The Continuing Case Of 'Prescott Tower'

By Rob Last edited 227 months ago

Last Updated 04 May 2005

The Continuing Case Of 'Prescott Tower'
tatetower.jpg

The four-year battle to stop the construction of a 22-storey tower outside Tate Modern has finally got personal.

Residents of nearby flats on Bankside have now launched a legal action against the the developers and John Prescott who backed the plan.

The history of the 'Prescott Tower' goes right back to 2001, but the short version goes something like this:

On 12 July last year the Court of Appeal dismissed an appeal by the residents group BROAD (Bankside Residents for Appropriate Developments') to stop planning consent for the buiding.

This was after a similar decision by the High Court...which itself supported another ruling, this time by the Planning Inspector...which followed a recommendation by Southwark council's planning officers...who had already overturned a rejection fo the plan by Southwark Planning Committee.
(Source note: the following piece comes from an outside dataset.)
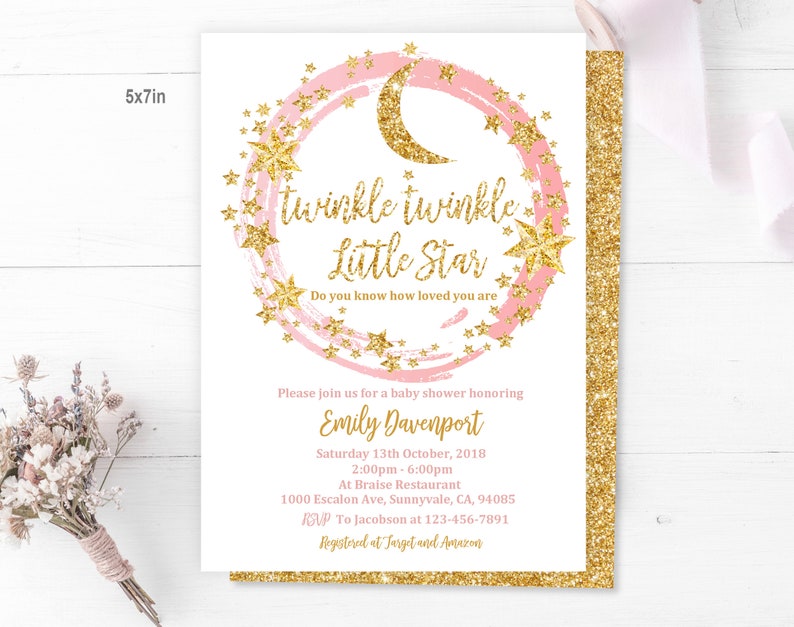 twinkle twinkle little star baby shower invitations etsy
Still with us? After a petition to the High Courts also failed last year BROAD have decided that their last resort is to take the Office of the Deputy Prime Minister to the European Court of Human Rights in Strasbourg because "the block of flats would devalue their homes by as much as £50,000".

Tate Director Nicholas Serota has been backing the campaign, calling the planned tower "an opportunistic attempt to cash in for private gain on the public benefits that have been created".